Give back exactly the lines of the entries below from the line with "Zwei Personen interagieren" to the line with "Drummers in a", inclusive, and only those.

WORKING DATA:
# # # # #

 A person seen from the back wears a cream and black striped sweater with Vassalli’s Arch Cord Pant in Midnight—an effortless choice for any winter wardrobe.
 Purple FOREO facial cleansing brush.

# # # # #

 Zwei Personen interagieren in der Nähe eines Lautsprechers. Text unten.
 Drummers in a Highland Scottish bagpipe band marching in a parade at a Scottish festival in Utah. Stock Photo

# # # # #

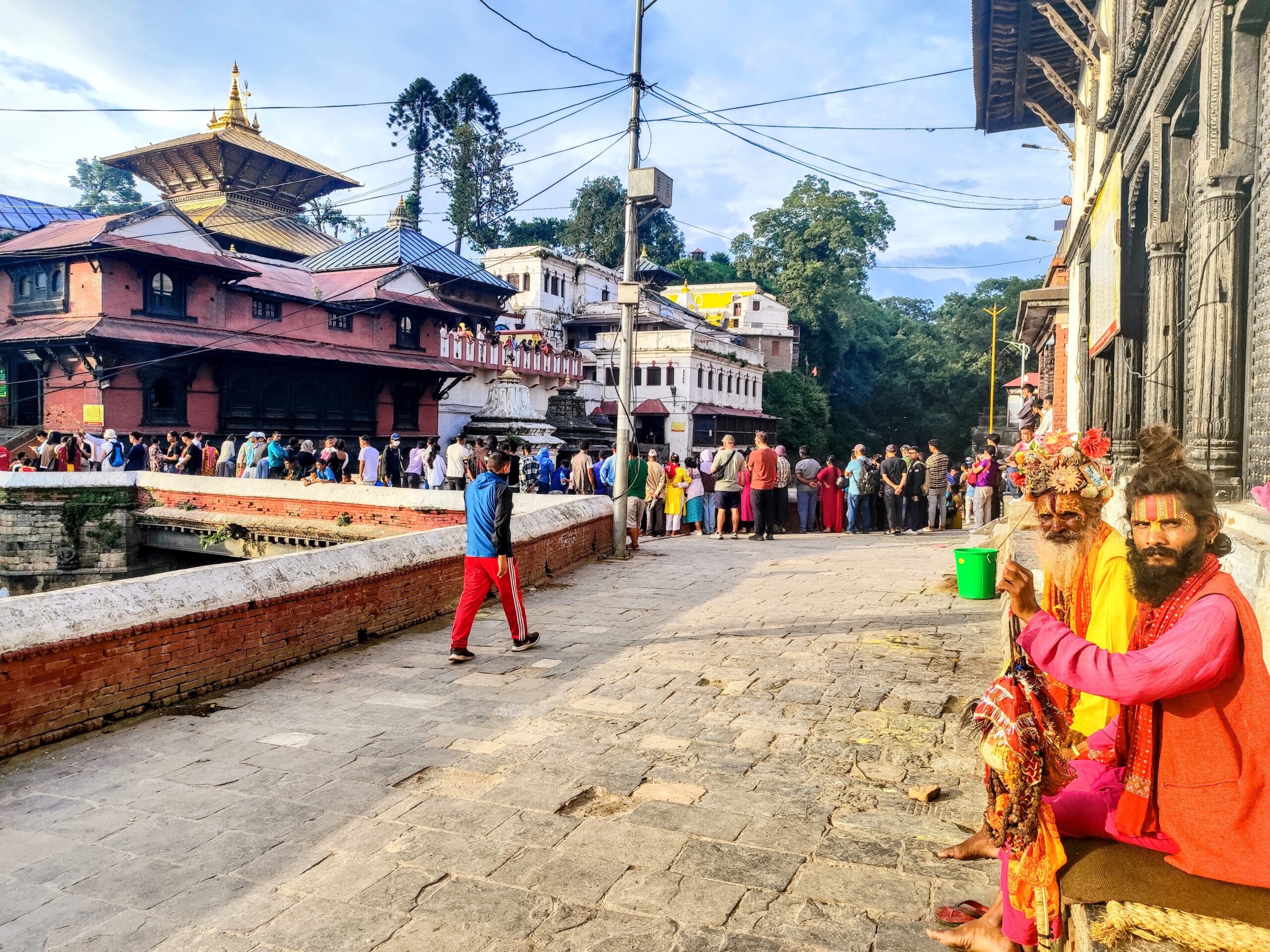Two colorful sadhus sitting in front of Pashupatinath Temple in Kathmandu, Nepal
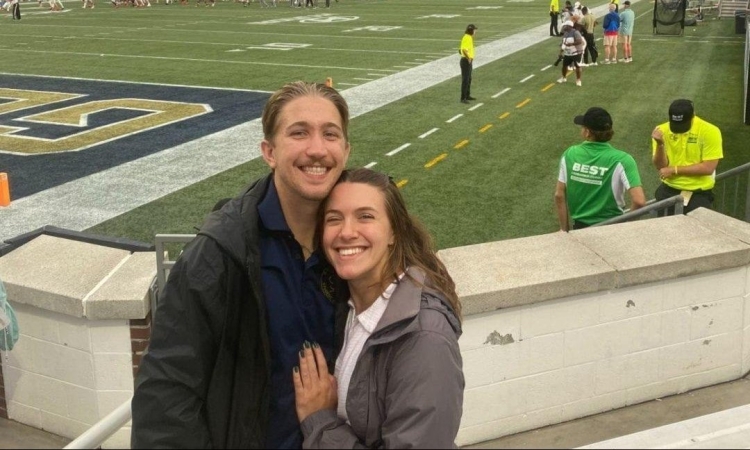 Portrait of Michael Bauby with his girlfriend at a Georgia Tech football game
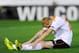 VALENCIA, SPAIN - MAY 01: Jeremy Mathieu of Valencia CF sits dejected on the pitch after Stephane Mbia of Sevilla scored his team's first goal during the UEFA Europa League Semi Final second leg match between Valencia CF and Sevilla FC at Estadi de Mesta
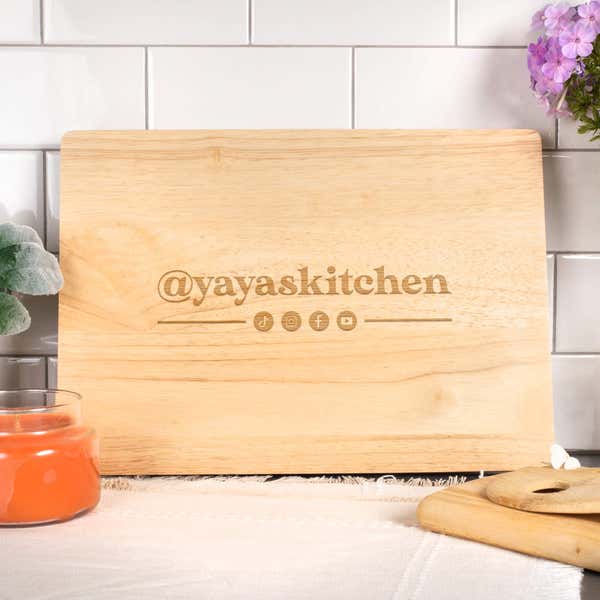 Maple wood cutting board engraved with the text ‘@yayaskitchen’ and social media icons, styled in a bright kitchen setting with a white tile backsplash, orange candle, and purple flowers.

# # # # #

ANSWER TO THE PROBLEM:
 Zwei Personen interagieren in der Nähe eines Lautsprechers. Text unten.
 Drummers in a Highland Scottish bagpipe band marching in a parade at a Scottish festival in Utah. Stock Photo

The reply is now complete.